If we consider the most basic question, I should say that the sandwiches are a success. They taste good. The pepper steak was tasty, and the duck was particularly choice. It had a deep, smoky flavor, and the success of the sandwiches definitively credited to how good these flavors were. The accompanying ingredients were lettuce, tomato, pickles, red onions, mayo, mustard and, in owing to the location and the style of the place, sprouts. That’s a classic deli sandwich, but if the main ingredient fails there isn’t much there for backup. In further evidence of the reliance on the fake meat, if one is going to attempt to pass off a facsimile as hey-I-guess-it’s-good-enough, one does not attempt duck. It’s not a fake-it-and-hope-nobody-notices move. That’s important to note, because it points at the whole problem with the sandwich.
I think there’s a framing issue at work here, and while both sandwiches were quite good I’m far from convinced they were everything they could be. Food isn’t just a question of taste and smell. We eat with our eyes, the atmosphere matters, the context has an impact. There’s a lot going into each meal, even if we’re hardly conscious of most of it. What I found myself wondering at Love and Haight was whether I would have enjoyed these sandwiches more had they not been pitched as fake meat. The fake duck was good enough that I was happy to be eating it, but it was a far cry from real duck. Smoked duck is juicy and tender, a product of abundantly fatty tissue. There are a lot of ways to make soybeans delicious, there are very few that will turn them into duck.
Above I asked what was the value of the things in themselves, and I’m not sure I have an answer to that question.
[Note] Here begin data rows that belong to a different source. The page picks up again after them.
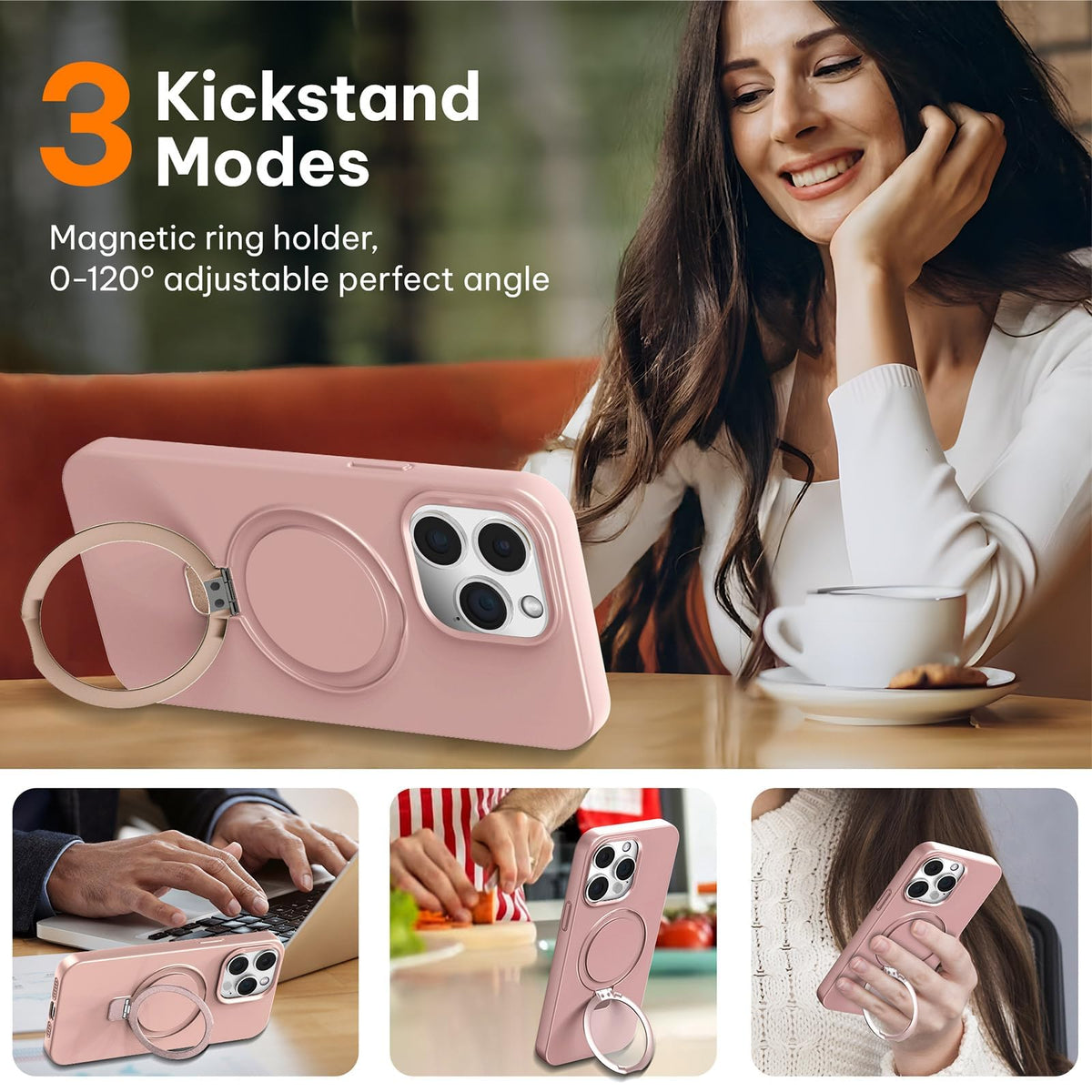 [Like New] LOHASIC MagSafe Silicone Case with Ring Stand for iPhone 15 Pro Max, Pink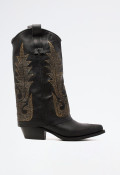 Bota cowboy polaina bordados  de mujer negro Metisse dx981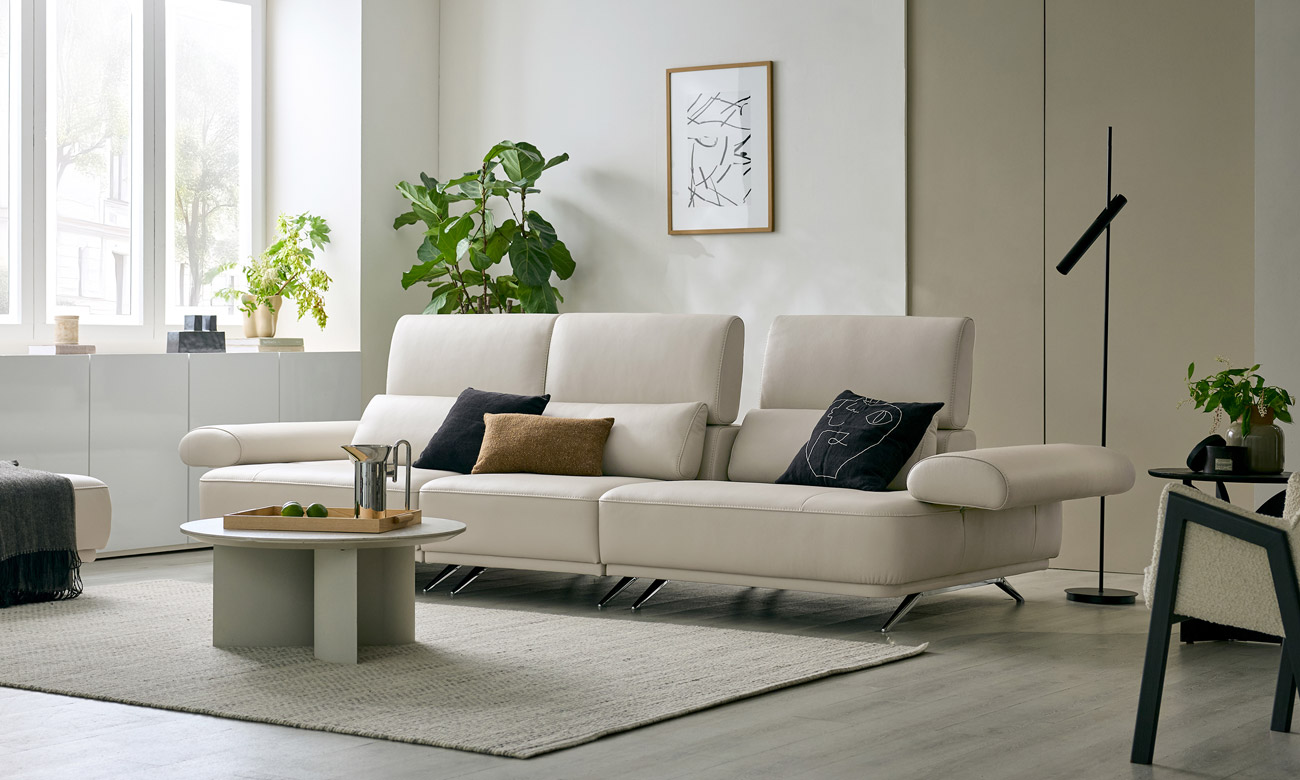 루페 멀티 4인 기능성 천연면피 소가죽 소파(전측면가죽적용)+쿠션3개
I cannot consider them in a context apart from fake meat, they don’t exist in any other context. I don’t know what you would call it, and I don’t know whether I would have ended up there eating it if it wasn’t trying to emulate meat. Those are difficult questions, and I don’t have answers for them. It light of that, I cannot help but think I haven’t given these sandwiches the full consideration they deserve.